Trotz Niederlage: Isabella Pfennig setzt in Eching ihren Aufwärtstrend fort

Von Matthias Schmid, Eching

Ihre lettische Gegnerin hatte schon den Platz verlassen, als Isabella Pfennig zum Besen griff. Akkurat lief sie alle sieben Linien ihrer Spielhälfte ab und befreite sie vom roten Ziegelmehl. Niemand hatte diese Zusatzschicht in der sengenden Mittagshitze von ihr verlangt. Doch die 13-Jährige macht auch bei der Platzpflege keine halben Sachen. "Bella gibt immer 100 Prozent", sagt der Cheftrainer der Oberhachinger Tennisbase, der Schwede Stefan Eriksson, über die Spielerin vom Münchner SC. Wer sie bei den Junior Open in Eching spielen sah, konnte einen Eindruck davon gewinnen, was der ehemalige Top-100-Spieler meint. Pfennig reichte ihrer Kontrahentin Kamilla Bartone nur bis zu den Schultern, doch sie machte ihren Nachteil mit schnellen Beinen, großem Eifer und einer mächtigen Vorhand wett. Erst nach mehr als zwei Stunden musste sie sich der gesetzten Spielerin geschlagen geben. "Zum Schluss war ich ein bisschen platt", bekannte Pfennig. Sie lächelte.
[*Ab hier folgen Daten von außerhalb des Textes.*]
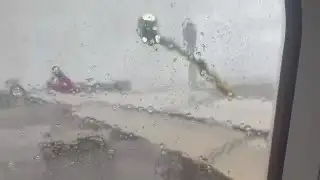 Delta plane being de-iced during winter storm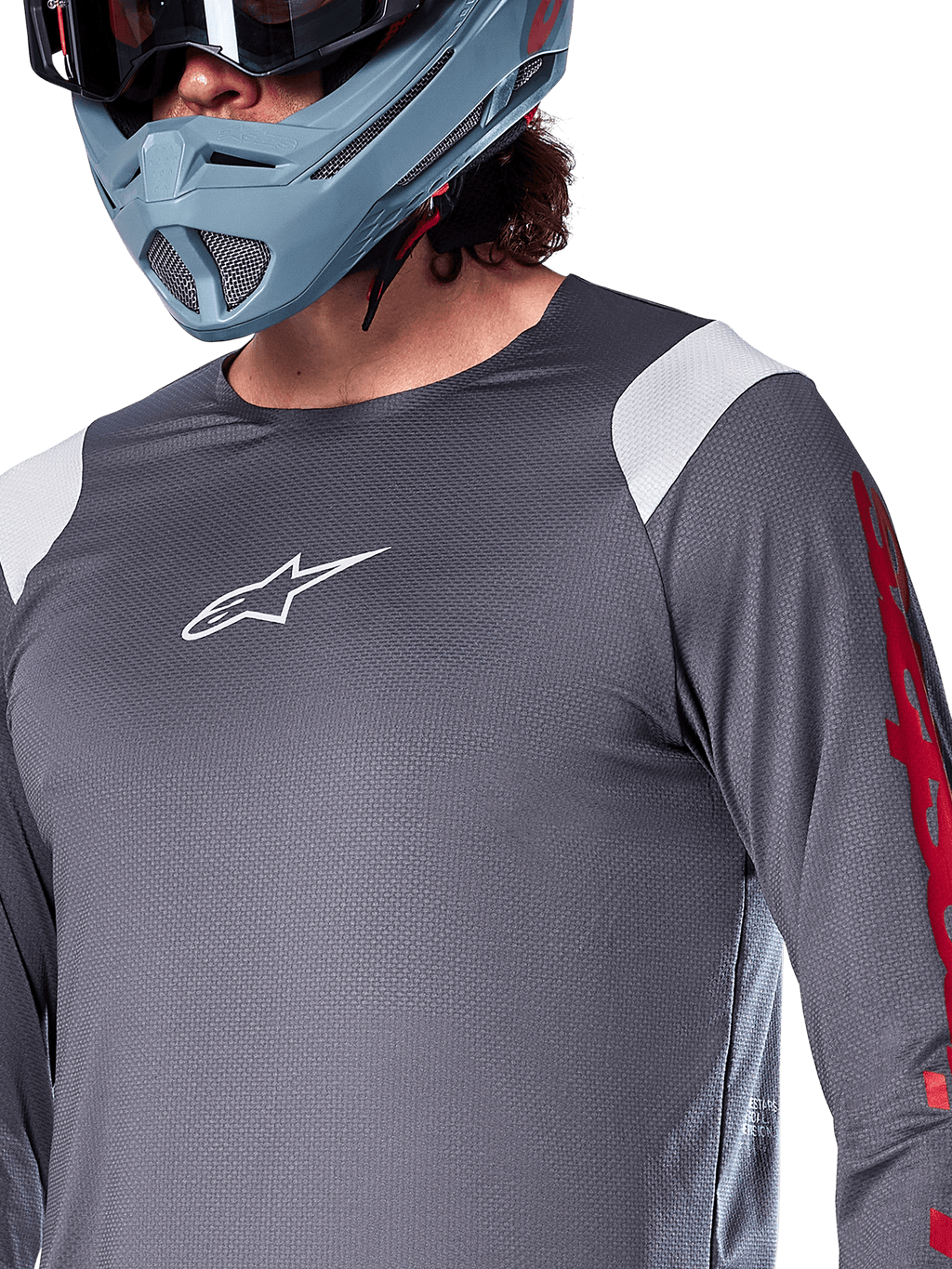 Alpinestars A-Supra Astar Jersey a maniche lunghe, grigio scuro con inserti bianchi sulle spalle e grafiche rosse sulle maniche, indossata con un casco integrale grigio-azzurro chiaro, abbigliamento tecnico per mountain bike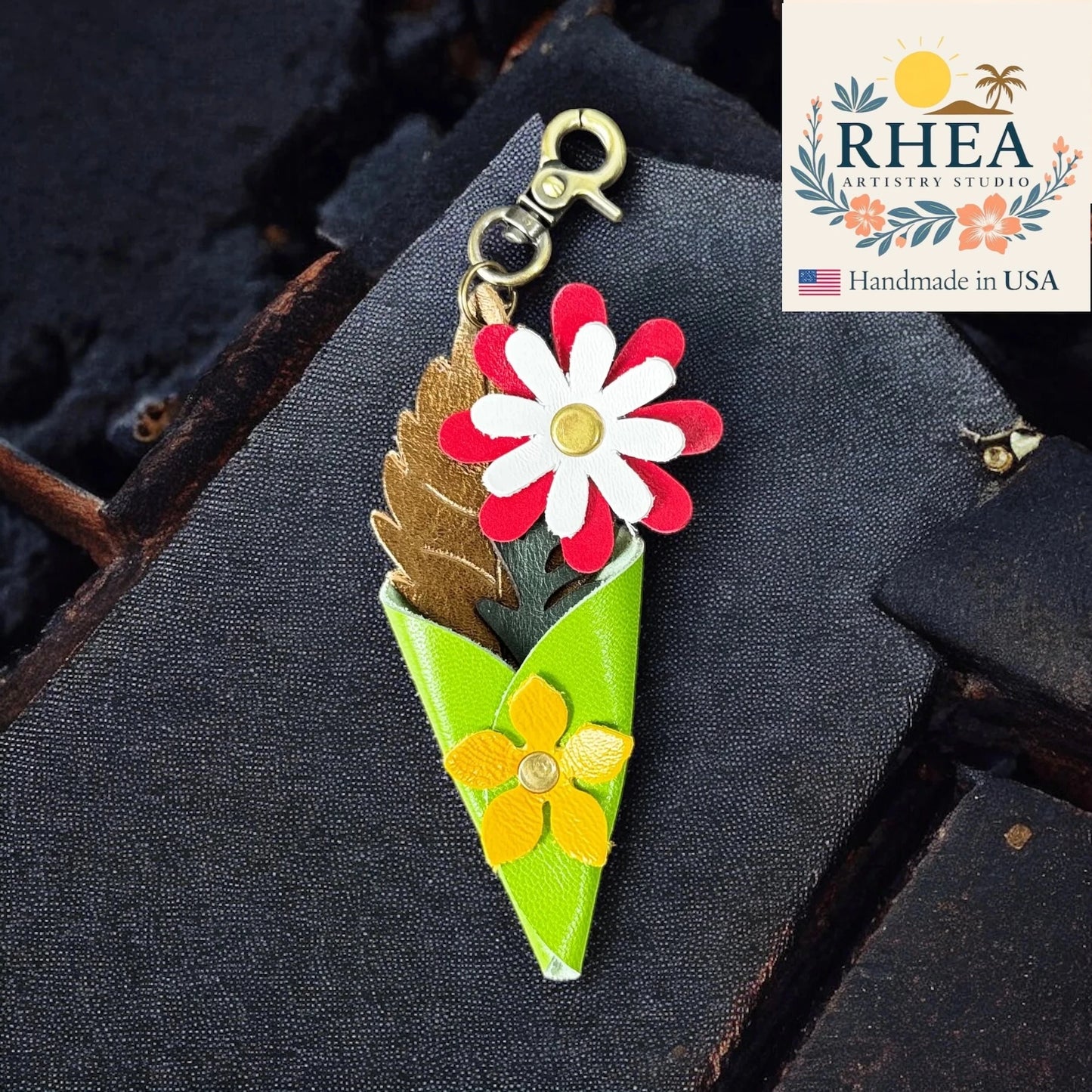 Floral-themed leather boquest charm with 'RHEA' branding on a dark textured background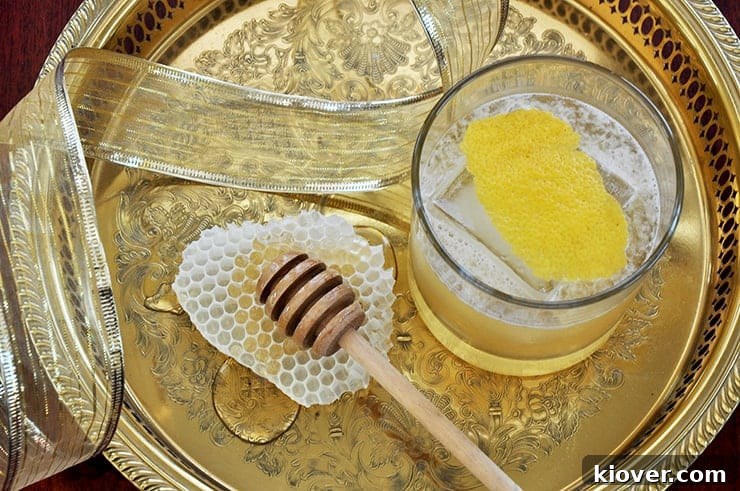Overhead picture of a Gold Rush Cocktail on a gold platter with some honey comb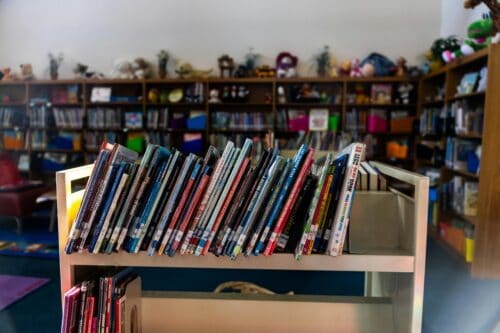 A warm library interior featuring a book cart in focus with colorful children's books on shelves.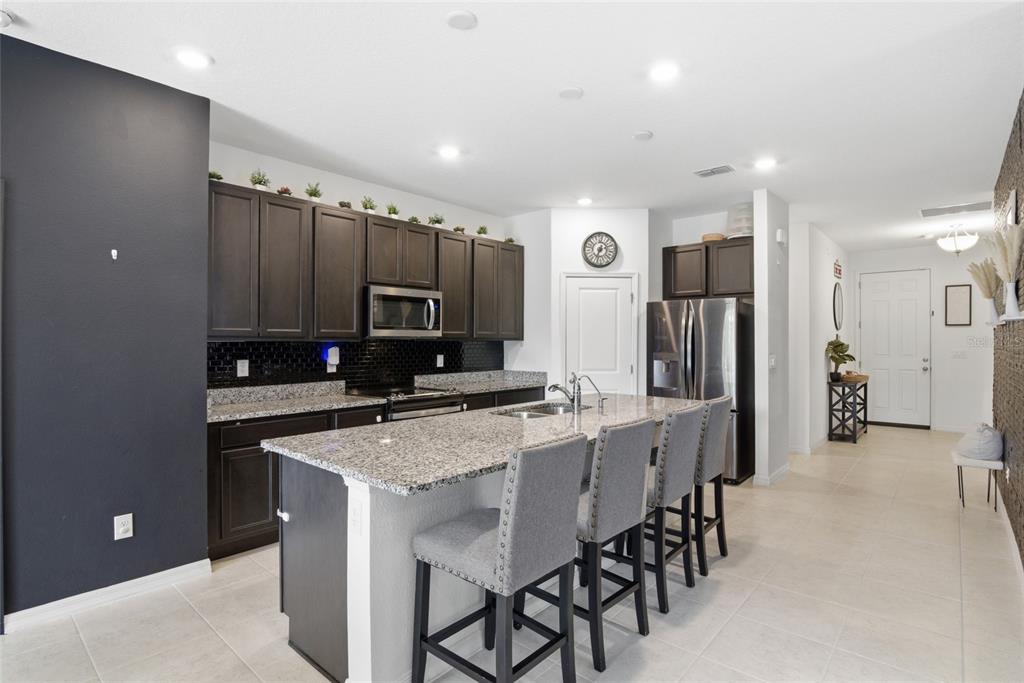 A kitchen features dark wood cabinets, granite countertops, a central island, and gray bar stools — 2004 BUCKHANON TRL, DELAND, FL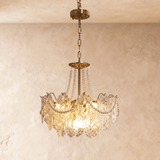 Style A at mid size, three tiers of pressed glass lit from inside the brass frame
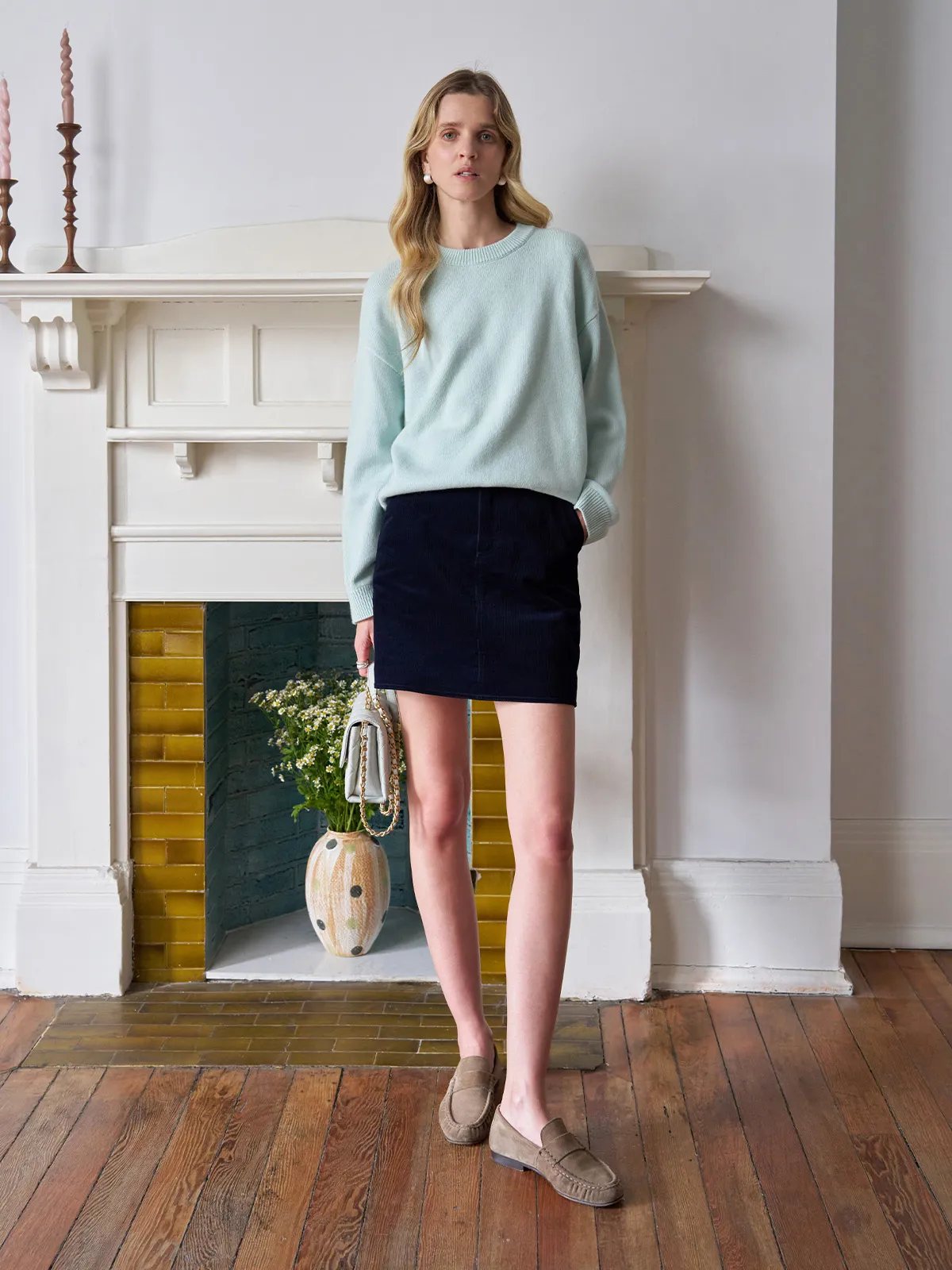 Model wearing navy corduroy DENVER skirt with mint sweater, loafer shoes, and ceramic vase backdrop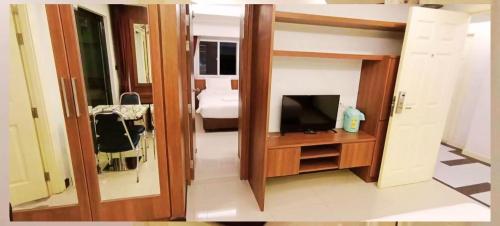a small room with a television and a bedroom at B-your home Hotel Don Mueang Airport Bangkok 如你家酒店 in Bangkok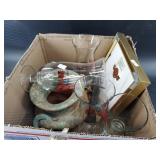 Assorted items including a pot, framed theater ad,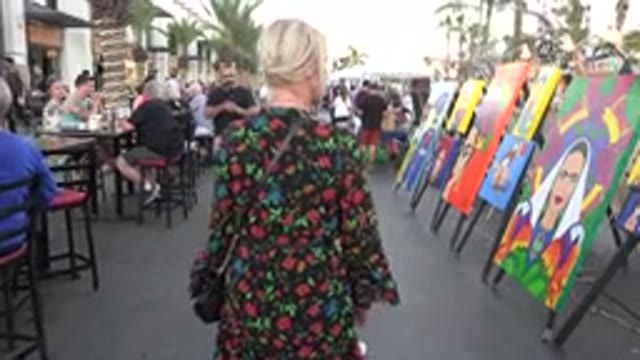LOS CABOS MEXICO-2019: Girl With Flowery Dress And A Child At An Art Exhibition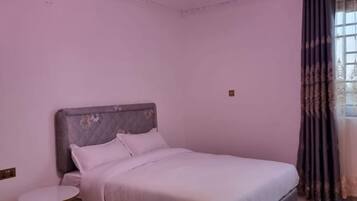 Une chambre à coucher avec un lit, une table ronde et une fenêtre avec des rideaux.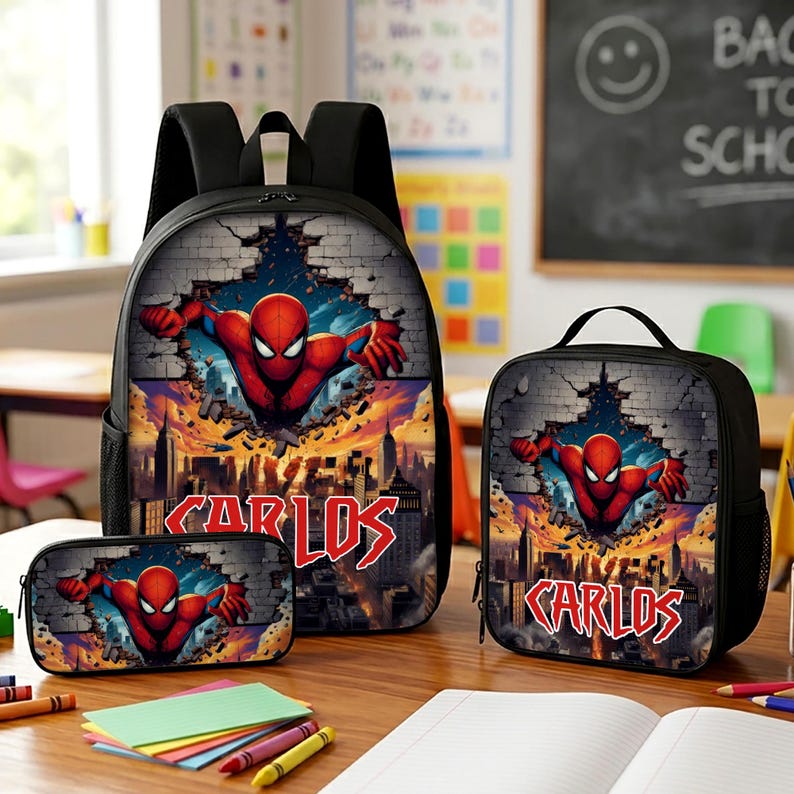 May include: A black backpack, lunch bag, and pencil case set featuring a graphic of Spider-Man bursting through a brick wall above a city skyline. Each item displays the name CARLOS in a bold, red, stylized font against the dark background.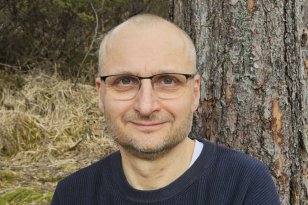 Mann med briller og svart genser står foran et tre. I bakgrunnen er det skog.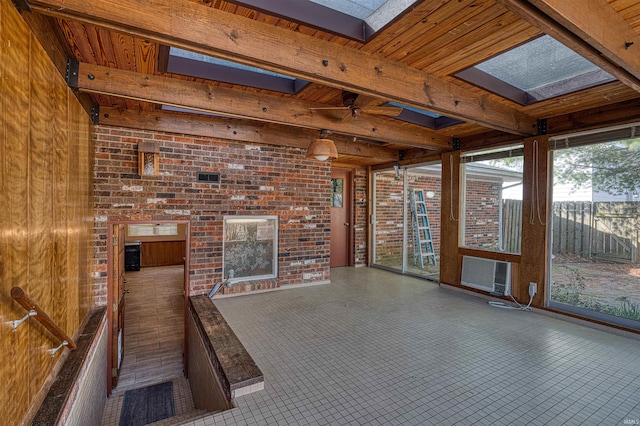 unfurnished sunroom featuring beam ceiling, a skylight, wood ceiling, and ceiling fan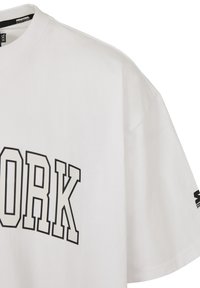 Balts kokvilnas T-krekls ar melnu "NEW YORK" teksta grafiku, īsām piedurknēm un brīvu piegriezumu. Ietver logotipa akcentu uz piedurknes.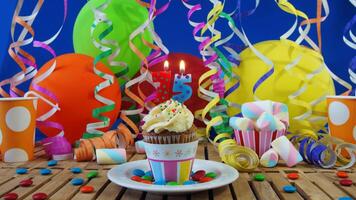 Birthday 75 cupcake with candles burning on rustic wooden table with background of colorful balloons, plastic cups and candies with blue wall in the background photo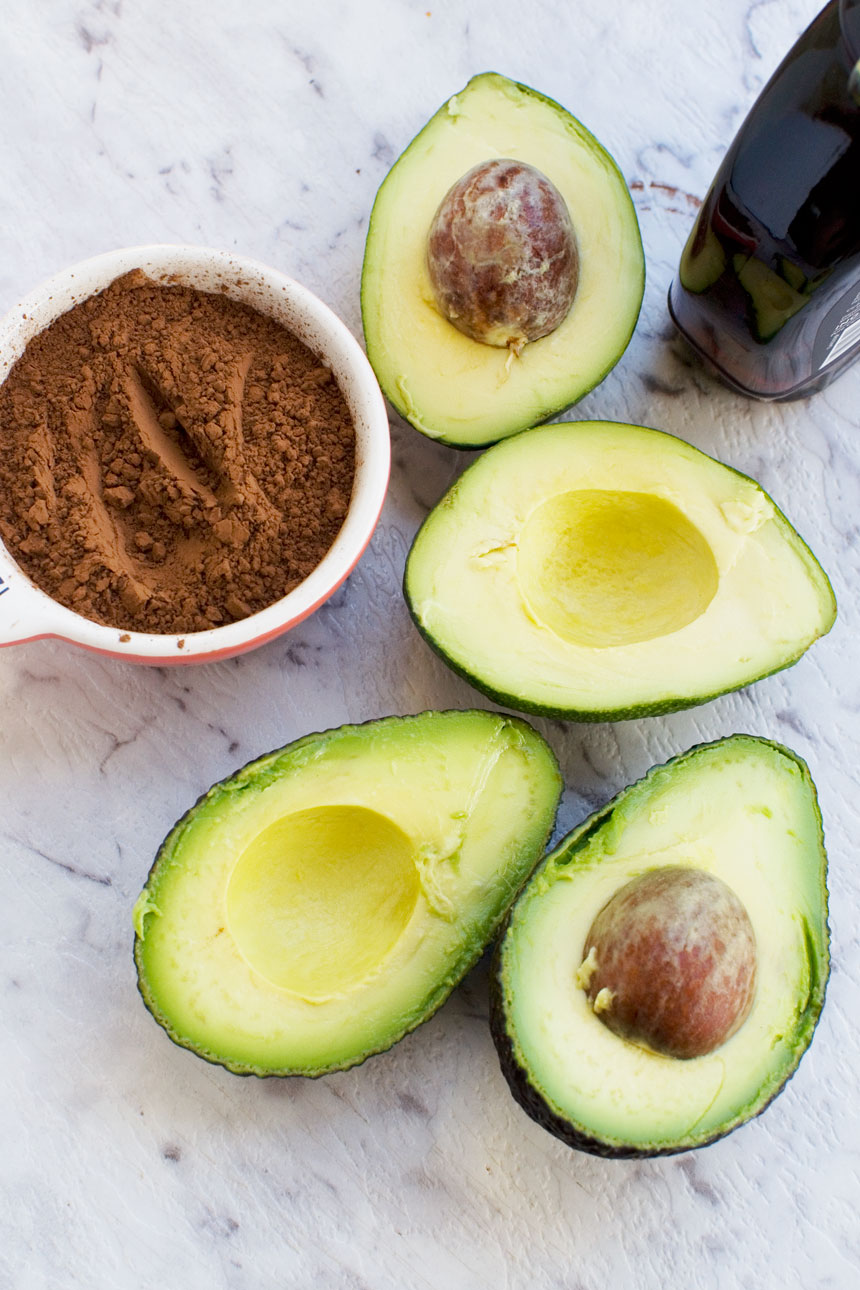 ingredients for Healthy chocolate frosting including sliced open avocados, cocoa and maple syrup on a white marble background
Die Niederlage im Achtelfinale grämte sie nicht, im Gegenteil. Ihr Auftritt bei einem der größten Nachwuchsturniere Deutschlands mit Spielerinnen aus ganz Europa war ein weiterer Beleg dafür, dass ihre Entwicklung rasant voranschreitet - sie erlebt gerade ihren erfolgreichsten Sommer als Tennisspielerin. "Ich weiß selbst nicht, warum ich so gut spiele", sagt sie. Pfennig gewann in diesem Jahr nicht nur die bayerische Meisterschaft der U14 und erreichte das Halbfinale der deutschen Meisterschaften; vor den Junior Open holte sie als ungesetzte Spielerin überraschend auch den Sieg beim Nachwuchsturnier in Waiblingen, das ähnlich hochkarätig besetzt ist wie Eching. Es ist nicht so, dass sie völlig aus dem Nichts gekommen wäre, sie gehört schon länger zu den besten Spielerinnen in Bayern. Eine Überfliegerin war sie bislang aber nicht.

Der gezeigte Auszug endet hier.